GREAT FALLS, Mont. — Montana is among several “captive shipper” states where no effective rail competition exists. Grain growers and elevators here pay the highest per-bushel, per-mile rates in the nation to transport grain to seaports on the West Coast.

Montana agriculture organizations and the state of Montana are united in their resolve to address high rates and poor service by BNSF Railway. These efforts are occurring on several fronts, including bills in Congress and actions before the federal Surface Transportation Board.

Gov. Brian Schweitzer is an active participant in these initiatives. The governor brought the last two chairmen of the Surface Transportation Board to Montana to hear from growers, and he was the first governor to testify before the STB.

His efforts have made a difference in the board’s attitude when hearing agriculture-related cases. For the first time in years, recent rulings on issues such as fuel surcharges and how rail revenue is calculated have been resolved in favor of entities shipping agricultural products.

Two major pieces of legislation are before Congress.

One set of bills, HR1650 and S772, would remove the antitrust exemptions that railroads have enjoyed for many years. (Only railroads and a few other entities such as major league sports teams are exempt from most antitrust laws.)

A second set of bills, HR2125 and S953, seeks to ensure reasonable rates and reliable service where effective competition does not exist. Included is a significant requirement for final-offer arbitration between railroads and their customers.

The National Association of State Departments of Agriculture, which represents agriculture directors, secretaries and commissioners from the 50 states, strongly supports both pieces of legislation. Also supporting the legislation is the Alliance for Rail Competition, a broad coalition of agriculture and non-ag shippers.

The antitrust legislation has been approved by committees and is awaiting action in the full House and Senate. The rail competition bills have not yet emerged from the committee process. One reason is that the railroads strongly oppose a provision that requires the use of final-offer arbitration.

Railroads favor a different method of binding arbitration that gives them an advantage in seeking higher rates. Under the railroads’ format, each side presents its data and an arbitrator works with both sides to narrow the gap. Since the railroads have greater resources in attorneys, money and time — and also own the data — they can game the system to justify high rates.

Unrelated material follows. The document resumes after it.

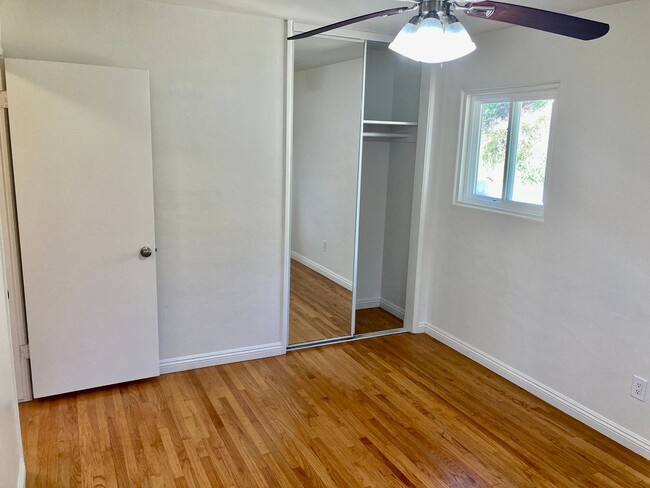 Building Photo - 3 Bedroom 2 Bath Home in La Mesa with Detached 2 Car Garage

Under final-offer arbitration, each side presents its best offer first. Then, an arbitrator chooses one of those packages. Both sides have an incentive to be reasonable, to achieve an outcome they can live with. This method levels the playing field in situations in which a large entity like a railroad is opposed by a small entity like a shipper.

It has been used for years with success on rail issues in Canada. The requirement that each side present only its best offer has the effect of narrowing differences to a point that often the two sides negotiate an agreement before an arbitrator rules in favor of one or the other.

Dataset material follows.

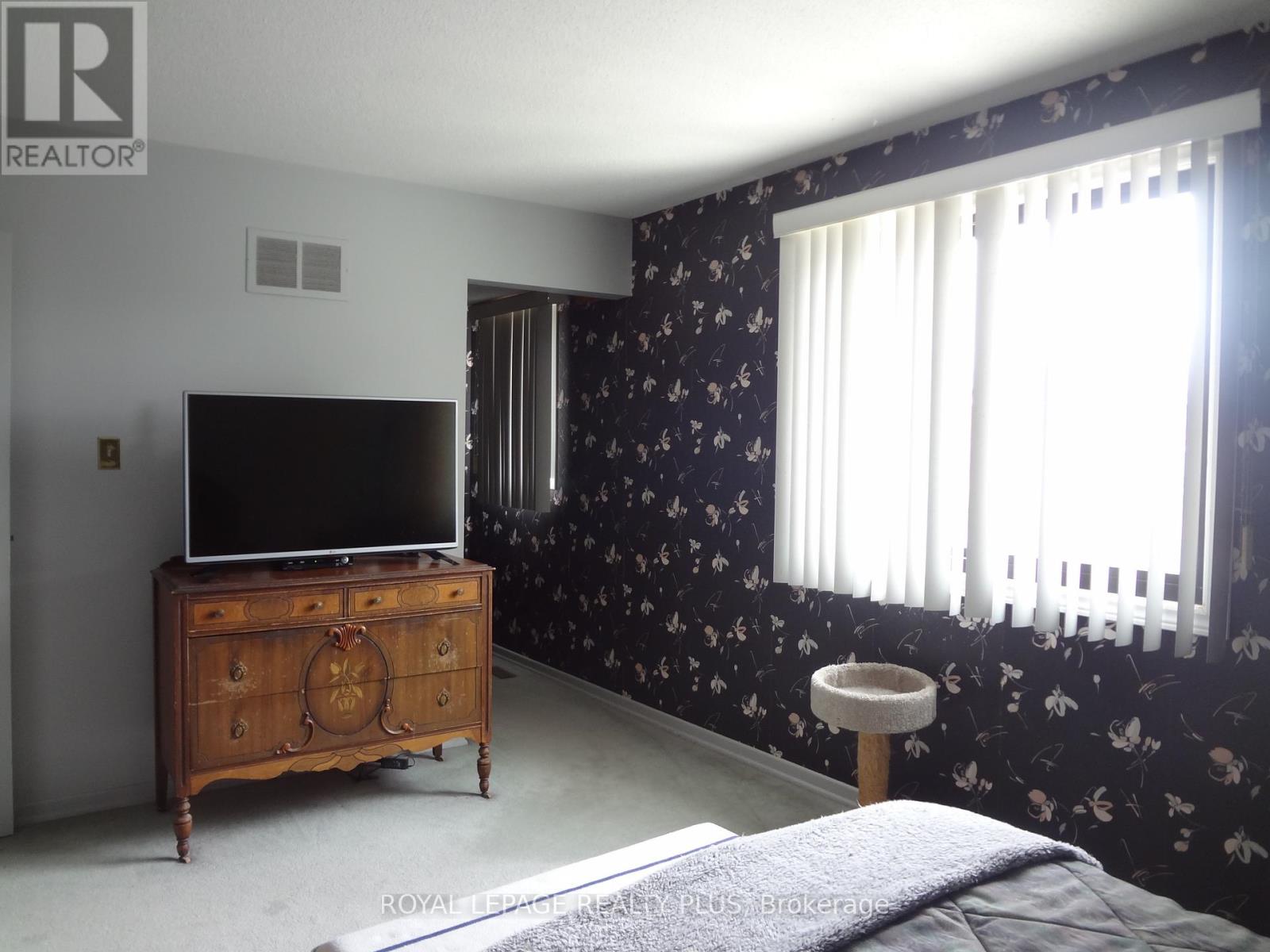 4170 TREETOP CRESCENT - 23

The current agreement that some Montana agriculture organizations are working on with BNSF does not include final-offer arbitration. It is gratifying to see that pressure nationally has prompted BNSF to reach out to Montana producers, and the organizations should be commended for pursuing the opportunity.

However, growers and shippers should realize that this is only a small step, and that Montana agriculture organizations and the state of Montana will continue to pursue fair rates and adequate service through national legislation that includes final-offer arbitration and through actions before the Surface Transportation Board.

Railroads also have their own legislation. They want Congress to give them up to $35 billion in tax credits to make infrastructure improvements on their lines. Montana shippers see absolutely no reason to even consider tax credits for railroads while they continue to charge excessive rates and provide poor service.

We continue to stand united in pursuit of necessary means to achieve fair competition, equitable rates and reasonable service.